A friend and mentor of mine who has recently sold off about 75 houses in Phoenix (by recently, I mean starting in 2004) is big on these, but they are investing in TICs where the price of admission is $1 million and up. And they are fed up with 15 years of calls on everything from plugged toilets to stove fires to tenants moving out in the middle of the night. And, of course, chasing rents.

Re: TIC Investments - Posted by Jack

Posted by Jack on December 31, 2006 at 11:29:03:

Few if any on this board invest or even know what TICS are. I don’t. Few if any on this board will bother to read more than 2 minutes of that article/sales pitch before they realize it has nothing to do with what they do. Why don’t you compare and contrast?

Re: Not a LP interest - Posted by Brian (NoCA)

Posted by Brian (NoCA) on January 02, 2007 at 16:03:27:

Technically not a limited partnership interest because you would not be able to 1031 into or out of it. But I agree with the rest of the post. If you read a TIC agreement it is esentially as limiting as a LP interest, though the language usually makes it clear in bold letters up front that it is indeed a TIC agreement. And no doubt you will waive your right to partition the property, among other things.

Re: Misleading from word One… - Posted by Tim_Cleveland

Posted by Tim_Cleveland on January 02, 2007 at 08:28:14:

As JT mentions these old vehicles were terribly expensive from a fee standpoint. I remember hearing some where these GP’s would contribute no cash to the deal but sell his expertise in RE management for something like 25% or more of the partnership units plus management fees.

And the “sugar” that laced the bitter medicine of all of this was the fact that there was a time when you could offset earned or active income with passive losses. Included in this was the LP unit owners allocable portion of the depreciation of the underlying real estate. So you go to your dental practice and have AGI of $180,000 from drilling teeth, you could offset this in part by the depreciation for the 150 unit appartment building that you were an LP owner of through these partnerships. This could be substantial as they would always use the most aggressive depreciation schedule they could get away with. This all went out the window with the Tax Code “simplification” of the early 80’s. Now days, passive losses only offset passive gains. And depreciation schedules were standardized at the same time. The end result, is very much like my father in laws experience. He paid $2,000 in the late 70s for soem LP units in such a partnership. The market for these units is extremely thin, and the most recent bid price for them through the avenue st hat exist was somethign south of $100. A lot of financial planners who sold these units were sued silly and soem went to jail for their practices. The E&O insurance for financial planners went throught ceiling from all of these suits.

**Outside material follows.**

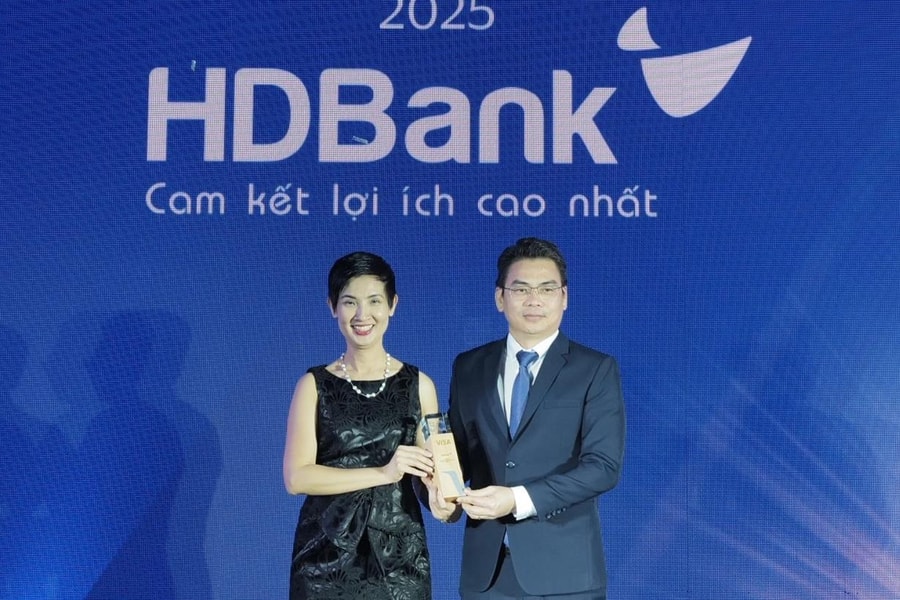 HDBank lập cú đúp giải thưởng từ Visa, ghi dấu hành trình số hóa toàn diện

Moral fo the story, don’t invest in ANYTHING with your primary motivation being the tax impacts. Invest because it is a good fundamental investment, and any tax benefits are gravy.

But that said, I think I remember hearing about somebody who made some good money by finding properties that he liked that were in these LPs, buying as many of these units they could at these heavily discounted prices, threatened the GP with mismanagement lawsuits until he messes his pants (because he is PERSONALLY liable for his actions) and begged him to take over as GP. At which time he would dissvole the partnersip and sell the real estate, sometimes to himself. Havent heard much of this lately though.